Task description: Leave the images aside and output every entry exactly.

Source material:
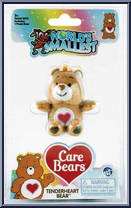 Tenderheart Bear from Care Bears - World's Smallest - Basic Series manufactured by Super Impulse [Front]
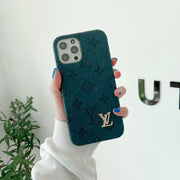 Looopix Leather Louis Vuitton iPhone 15 Cases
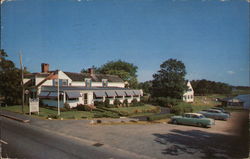 The Old Chase House West Harwich, MA Postcard Postcard Postcard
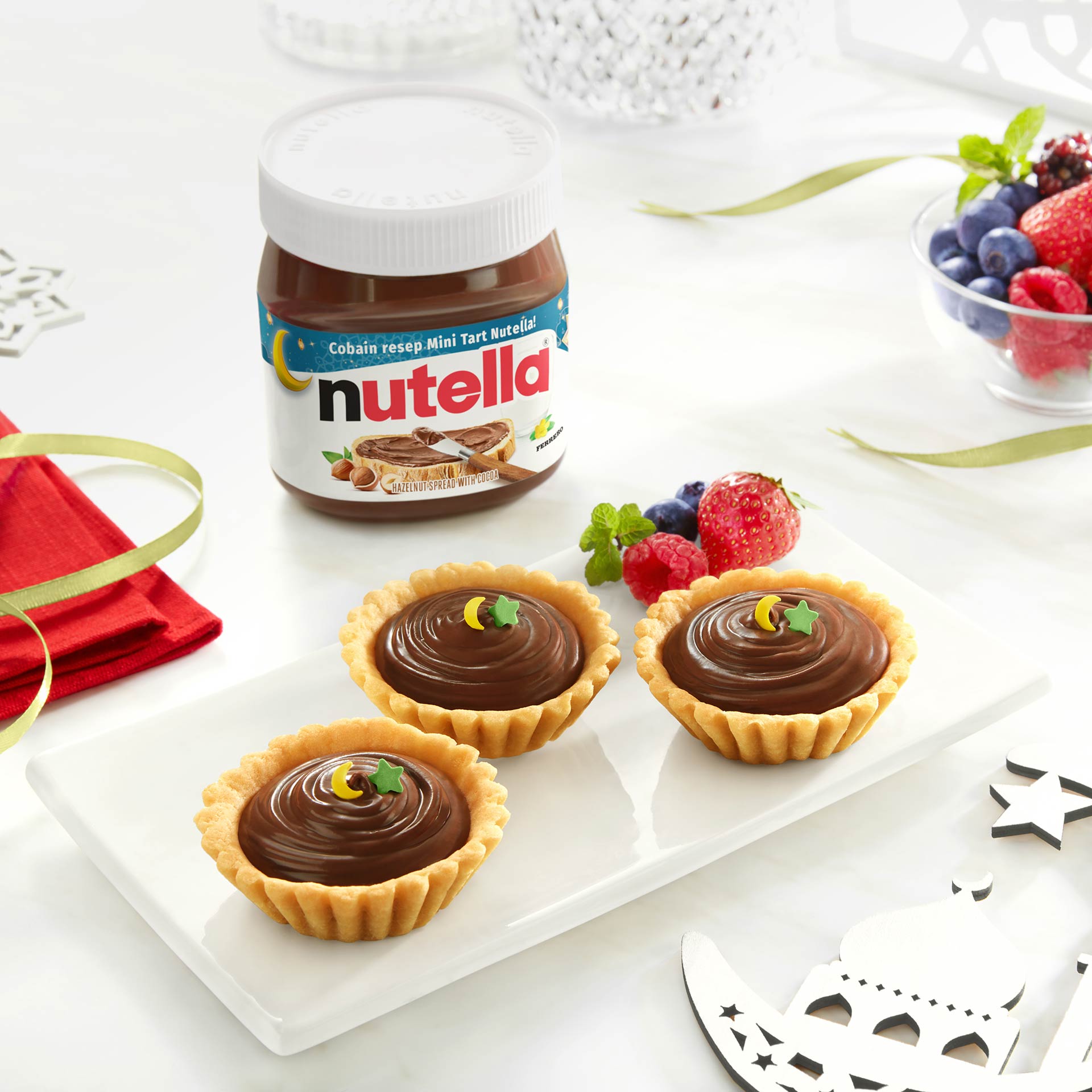 Mini Tarts Nutella®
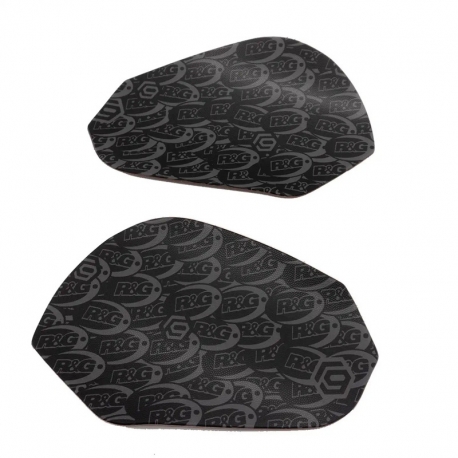 NAKLEJKA NA BAK TANKPAD ANTYPOŚLIZGOWY 2 CZĘŚCI RG RACING HONDA CBR 600RR 13-14 BLACK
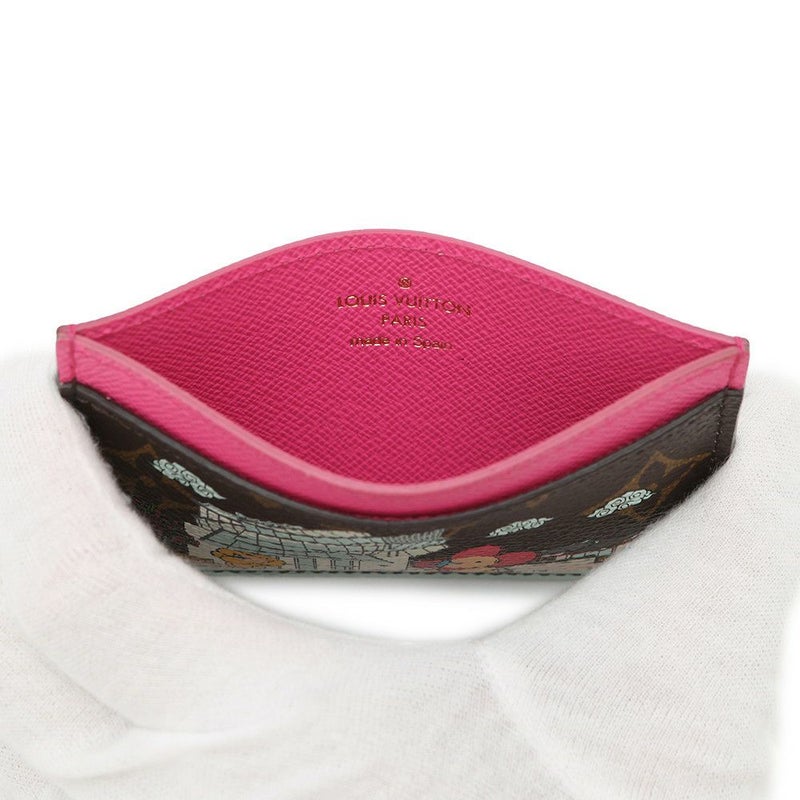 ルイヴィトン カードケース モノグラム/ヴィヴィエンヌ ポルト カルト・サーンプル M81729 LOUIS VUITTON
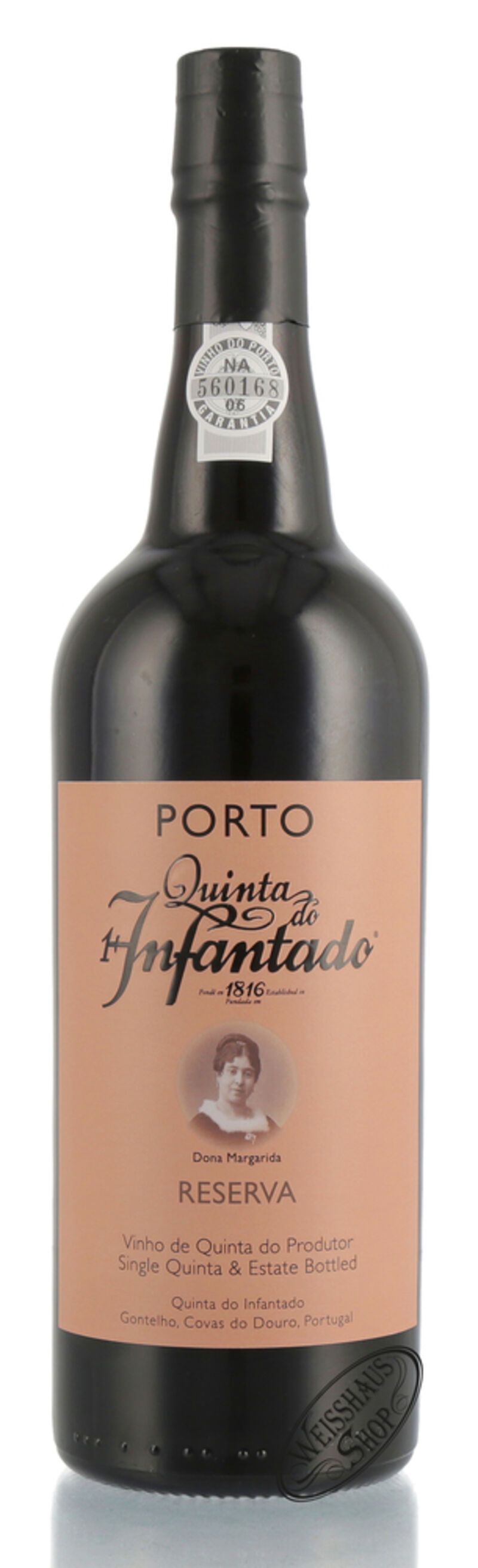 Quinta do Infantado Reserva Dona Margarida 19,5% vol. 0,75l Quinta do Infantado Reserva Dona Margarida 19,5% vol. 0,75l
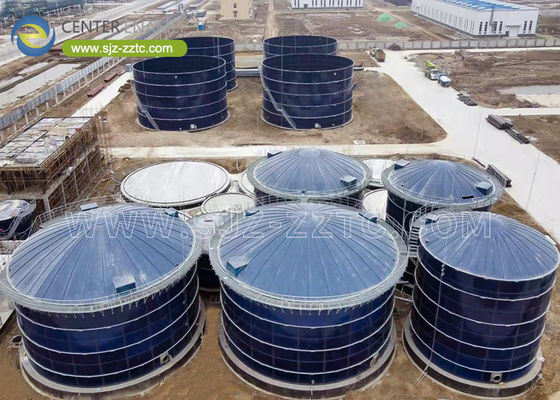 Centro Esmalte: Cultivando Resiliência e Energia Sustentável no Chade com Tanques Avançados de Reatores CSTR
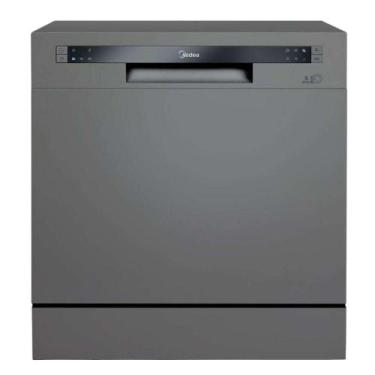 Imagem de Lava Louça Midea DWA08S2 8 Serviços 6 Programas Lavagem , 220V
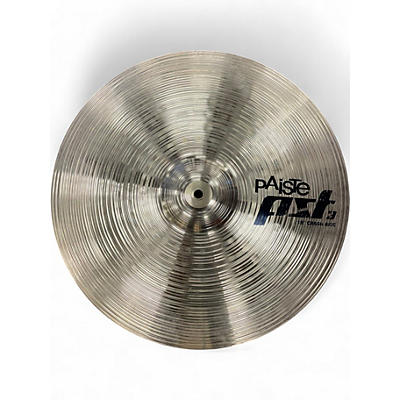 Used Paiste 18in PST3 Crash Ride Cymbal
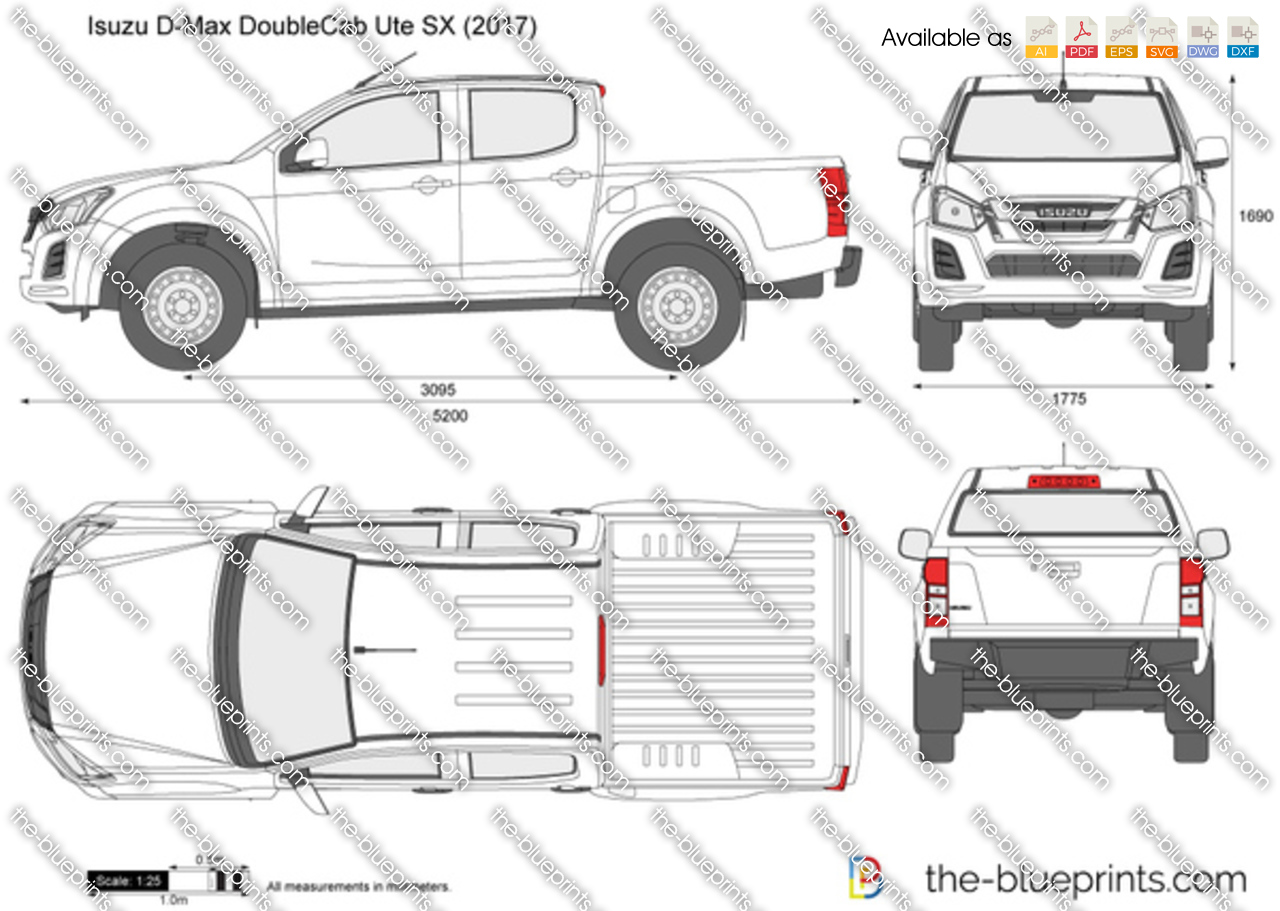 Isuzu D-Max Double Cab Ute SX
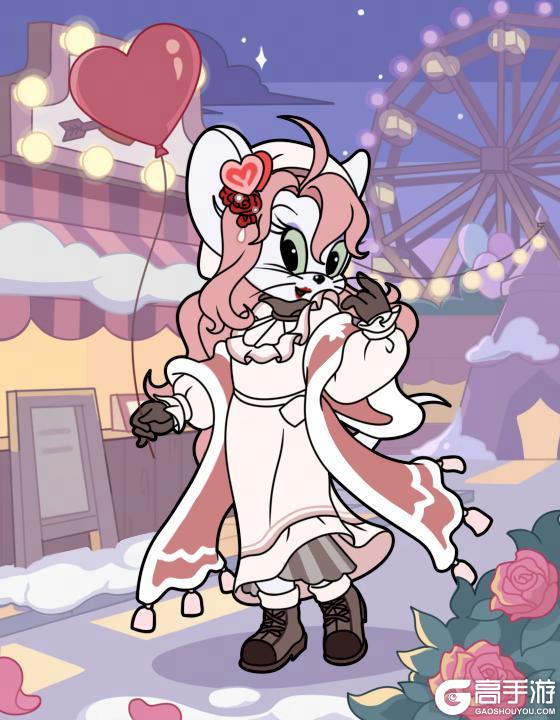 《猫和老鼠》爱是永恒誓言｜未誓之恋皮肤折扣返场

Result for this exercise:
 Tenderheart Bear from Care Bears - World's Smallest - Basic Series manufactured by Super Impulse [Front]
 Looopix Leather Louis Vuitton iPhone 15 Cases
 The Old Chase House West Harwich, MA Postcard Postcard Postcard
 Mini Tarts Nutella®
 NAKLEJKA NA BAK TANKPAD ANTYPOŚLIZGOWY 2 CZĘŚCI RG RACING HONDA CBR 600RR 13-14 BLACK
 ルイヴィトン カードケース モノグラム/ヴィヴィエンヌ ポルト カルト・サーンプル M81729 LOUIS VUITTON
 Quinta do Infantado Reserva Dona Margarida 19,5% vol. 0,75l Quinta do Infantado Reserva Dona Margarida 19,5% vol. 0,75l
 Centro Esmalte: Cultivando Resiliência e Energia Sustentável no Chade com Tanques Avançados de Reatores CSTR
 Imagem de Lava Louça Midea DWA08S2 8 Serviços 6 Programas Lavagem , 220V
 Used Paiste 18in PST3 Crash Ride Cymbal
 Isuzu D-Max Double Cab Ute SX
 《猫和老鼠》爱是永恒誓言｜未誓之恋皮肤折扣返场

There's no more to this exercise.